- DATA SHOWN -
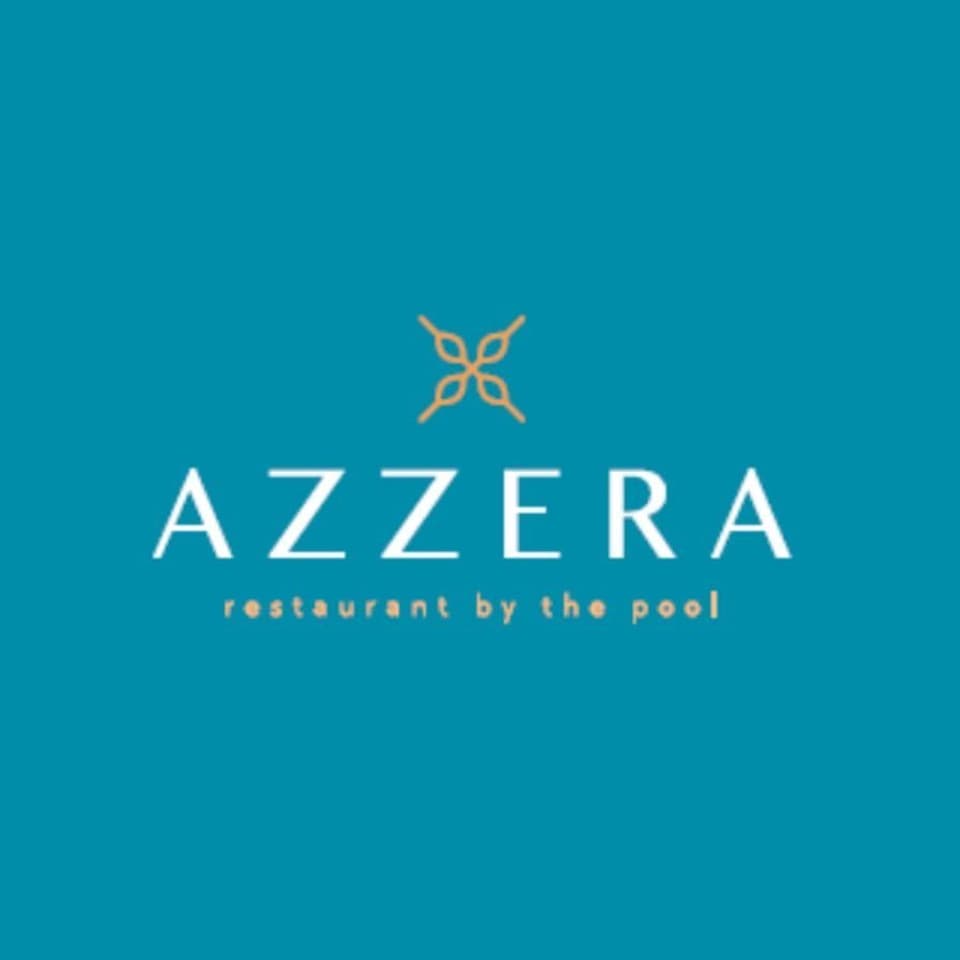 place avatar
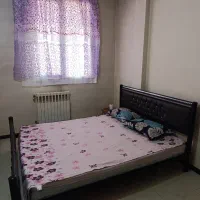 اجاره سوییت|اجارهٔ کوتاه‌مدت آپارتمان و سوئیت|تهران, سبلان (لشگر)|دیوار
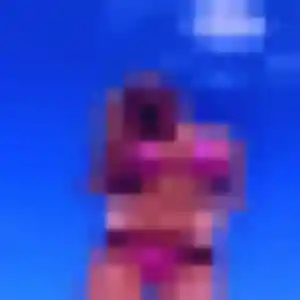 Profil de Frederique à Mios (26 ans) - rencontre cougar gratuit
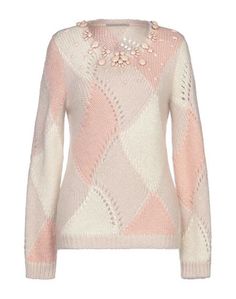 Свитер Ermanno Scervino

- WHAT IS BEING ASKED -
No pictures should appear in the copy. Print exactly the lines above from the line containing "Profil de Frederique" through the last line of the data.

- ANSWER SECTION -
 Profil de Frederique à Mios (26 ans) - rencontre cougar gratuit
 Свитер Ermanno Scervino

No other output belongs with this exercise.